BRIEF:
Print the full set of records below, character for character and picture-free.

STUDY MATERIAL:
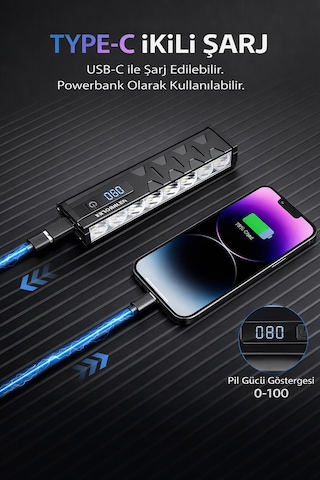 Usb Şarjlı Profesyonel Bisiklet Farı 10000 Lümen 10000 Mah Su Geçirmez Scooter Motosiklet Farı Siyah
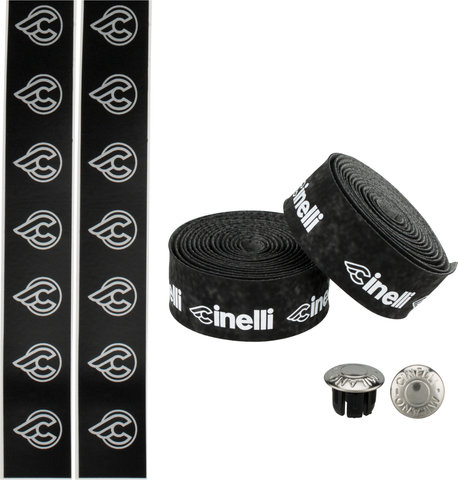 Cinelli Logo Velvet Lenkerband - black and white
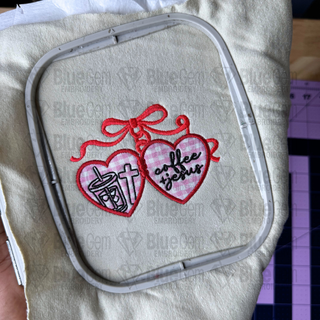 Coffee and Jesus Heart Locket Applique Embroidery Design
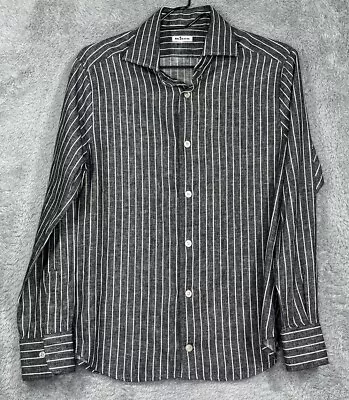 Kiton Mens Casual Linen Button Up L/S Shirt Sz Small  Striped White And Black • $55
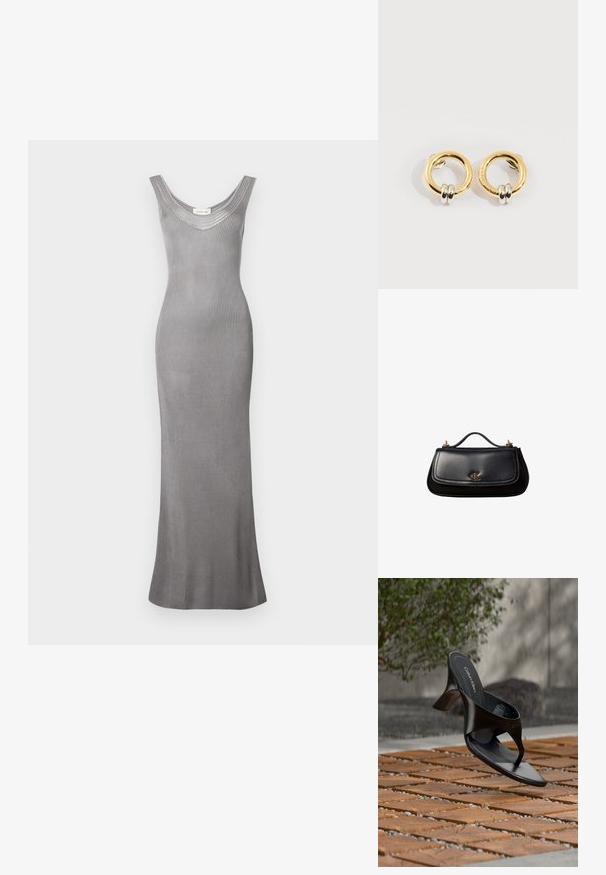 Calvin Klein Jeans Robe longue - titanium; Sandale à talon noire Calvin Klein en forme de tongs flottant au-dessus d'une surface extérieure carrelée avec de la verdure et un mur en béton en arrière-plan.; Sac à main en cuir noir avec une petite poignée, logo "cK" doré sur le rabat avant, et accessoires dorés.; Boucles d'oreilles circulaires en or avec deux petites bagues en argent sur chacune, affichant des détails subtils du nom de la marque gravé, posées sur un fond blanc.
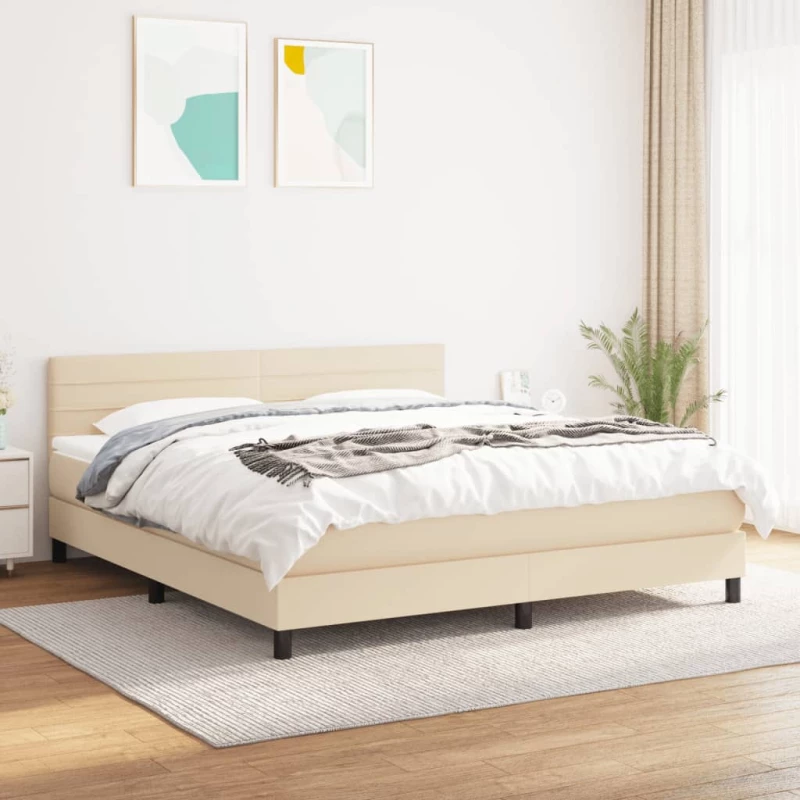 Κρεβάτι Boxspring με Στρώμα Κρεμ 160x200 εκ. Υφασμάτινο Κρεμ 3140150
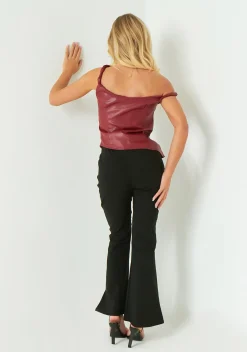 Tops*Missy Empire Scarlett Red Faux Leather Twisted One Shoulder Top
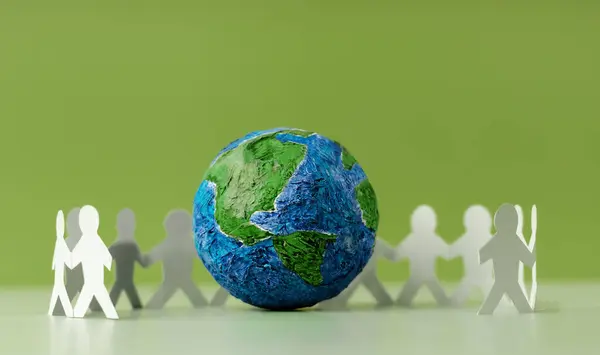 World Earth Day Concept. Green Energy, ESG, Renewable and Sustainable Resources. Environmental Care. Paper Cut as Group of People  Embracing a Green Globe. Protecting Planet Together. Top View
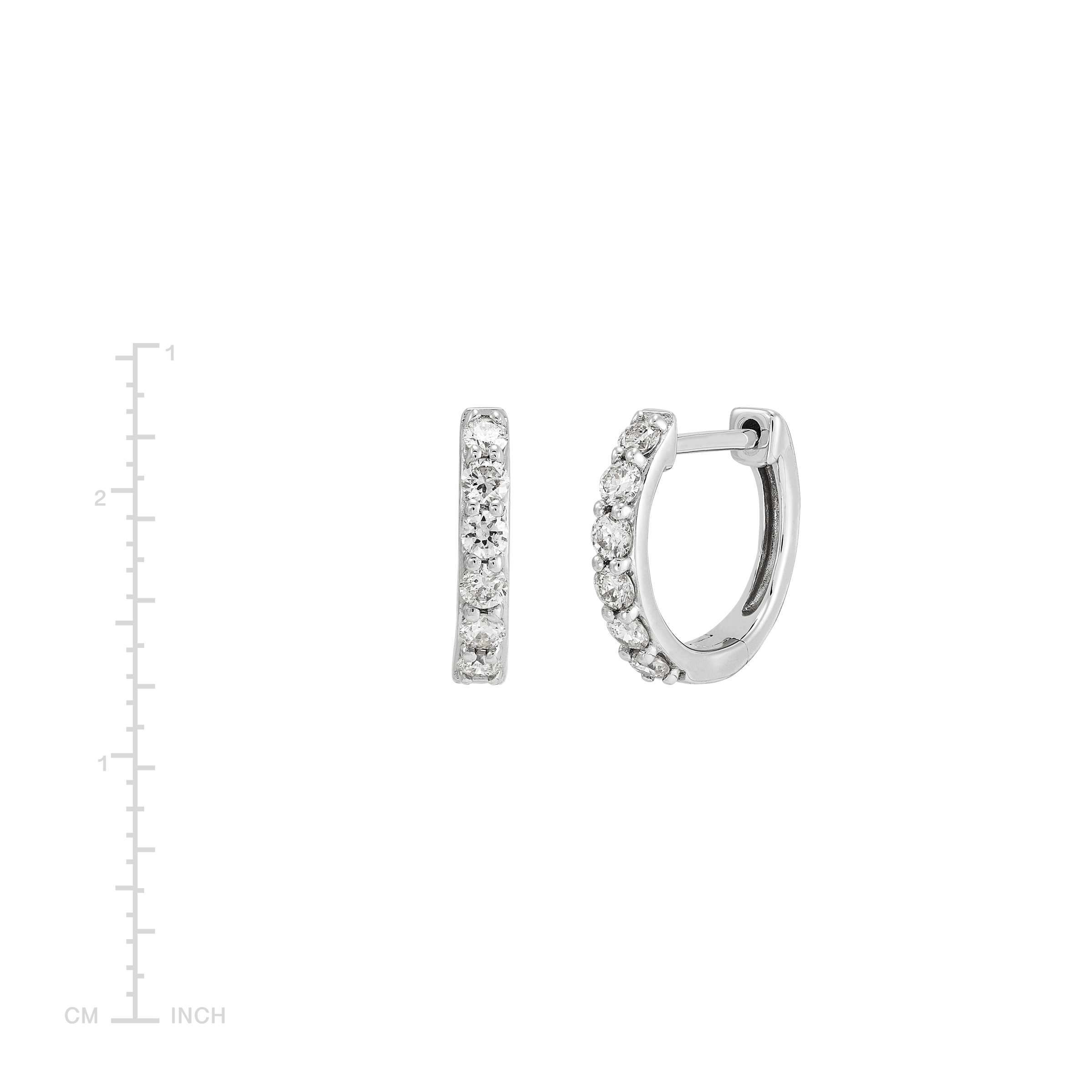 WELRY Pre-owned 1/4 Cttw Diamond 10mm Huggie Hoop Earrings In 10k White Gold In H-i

SOLUTION TO THE EXERCISE:
 Usb Şarjlı Profesyonel Bisiklet Farı 10000 Lümen 10000 Mah Su Geçirmez Scooter Motosiklet Farı Siyah
 Cinelli Logo Velvet Lenkerband - black and white
 Coffee and Jesus Heart Locket Applique Embroidery Design
 Kiton Mens Casual Linen Button Up L/S Shirt Sz Small  Striped White And Black • $55
 Calvin Klein Jeans Robe longue - titanium; Sandale à talon noire Calvin Klein en forme de tongs flottant au-dessus d'une surface extérieure carrelée avec de la verdure et un mur en béton en arrière-plan.; Sac à main en cuir noir avec une petite poignée, logo "cK" doré sur le rabat avant, et accessoires dorés.; Boucles d'oreilles circulaires en or avec deux petites bagues en argent sur chacune, affichant des détails subtils du nom de la marque gravé, posées sur un fond blanc.
 Κρεβάτι Boxspring με Στρώμα Κρεμ 160x200 εκ. Υφασμάτινο Κρεμ 3140150
 Tops*Missy Empire Scarlett Red Faux Leather Twisted One Shoulder Top
 World Earth Day Concept. Green Energy, ESG, Renewable and Sustainable Resources. Environmental Care. Paper Cut as Group of People  Embracing a Green Globe. Protecting Planet Together. Top View
 WELRY Pre-owned 1/4 Cttw Diamond 10mm Huggie Hoop Earrings In 10k White Gold In H-i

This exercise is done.